Software

BUT Speech@FIT Reverb Database

This is the first release of BUT Speech@FIT Reverb Database. The database is being built with respect to collect a large number of various Room Impulse Responses, Room environmental noises (or "silences"), Retransmitted speech (for ASR and SID testing), and meta-data (positions of microphones, speakers etc.).

The goal is to provide speech community with a dataset for data enhancement and distant microphone or microphone array experiments in ASR and SID.

The database has Apache 2.0 license and you can download it here:
http://www.fit.vutbr.cz/~szoke/speech/ReverbDB/BUT_ReverbDB_rel_18_11.tgz [126 GB]

Multilingual Region-Dependent Transforms

This shell package allows to extract features based on Region Dependent Transforms (RDT) models from audio files.
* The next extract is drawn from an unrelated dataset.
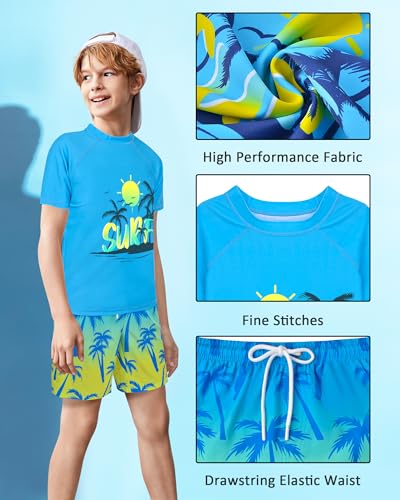 Kids Rash Guard Swimsuit Set 8-10 Years Yellow & Blue - Two Piece Bathing Suit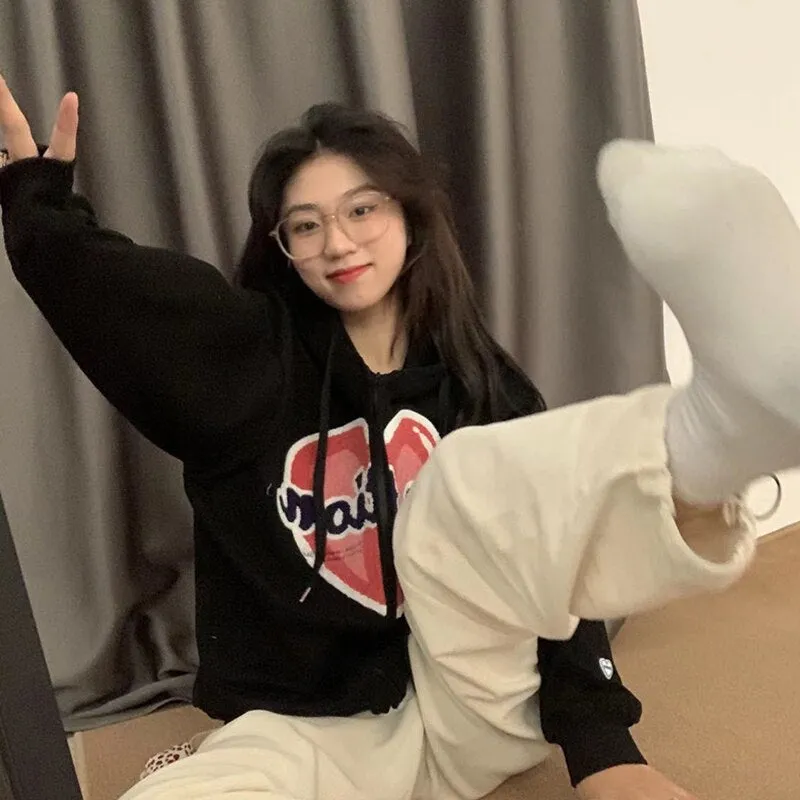Wjczt Harajuku Blue Vintage Zipper Hoodie Fashion Love Knitting Long Sleeves Casual Baggy Ladies Street Sports Outerwear Tops Autumn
The features are well suitable mainly for Gaussian Mixture Models (GMM) in Automatic Speech Recognition (ASR) systems but they could be used in other applications as well.
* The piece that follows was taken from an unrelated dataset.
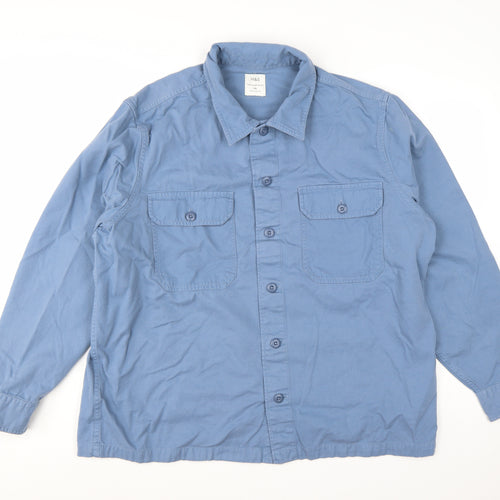 Marks and Spencer Men's Blue 2XL Cotton Long Sleeve Overshirt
The whole process could be split into 3 steps. Standard PLP-HLDA features are concatenated with Stacked Bottle-Neck Features trained in multilingual fashion on Babel data coming from 17 different languages. This features are going into discriminatively trained RDT transforms on 17 Babel languages which generates final outputs.

BUT/Phonexia Bottleneck feature extractor

This python package allows to extract bottleneck, stacked bottleneck features and phoneme/senones posteriors from audio files. Primarily, bottleneck features are tuned for the task of spoken language recognition but can be used in other applications (e.g. speaker recognition, speech recognition) as well. Package includes three neural networks i.e. there are three types of features one can extract with it. Two networks are trained on English data only and the third is trained in multilingual fashion on data coming from 17 different languages.

Speaker Diarization based on Bayesian HMM with Eigenvoice Priors

This python code implements speaker diarization algorithm described in:

Diez Mireia, Burget Lukáš and Matějka Pavel. Speaker Diarization based on Bayesian HMM with Eigenvoice Priors. In: Proceedings of Odyssey 2018. Les Sables d´Olonne: International Speech Communication Association, 2018, pp. 147-154. ISSN 2312-2846. available at: http://www.fit.vutbr.cz/research/groups/speech/publi/2018/diez_odyssey2018_63.pdf

Abstract:

Nowadays, most speaker diarization methods address the task in two steps: segmentation of the input conversation into (preferably) speaker homogeneous segments, and clustering. Generally, different models and techniques are used for the two steps. In this paper we present a very elegant approach where a straightforward and efficient Variational Bayes (VB) inference in a single probabilistic model addresses the complete SD problem. Our model is a Bayesian Hidden Markov Model, in which states represent speaker specific distributions and transitions between states represent speaker turns. As in the i-vector or JFA models, speaker distributions are modeled by GMMs with parameters constrained by eigenvoice priors. This allows to robustly estimate the speaker models from very short speech segments. The model, which was released as open source code and has already been used by several labs, is fully described for the first time in this paper. We present results and the system is compared and combined with other state-of-the-art approaches. The model provides the best results reported so far on the CALLHOME dataset.

Download: http://www.fit.vutbr.cz/~burget/VB_diarization.zip (attention, the file has 35 MB as it contains example data).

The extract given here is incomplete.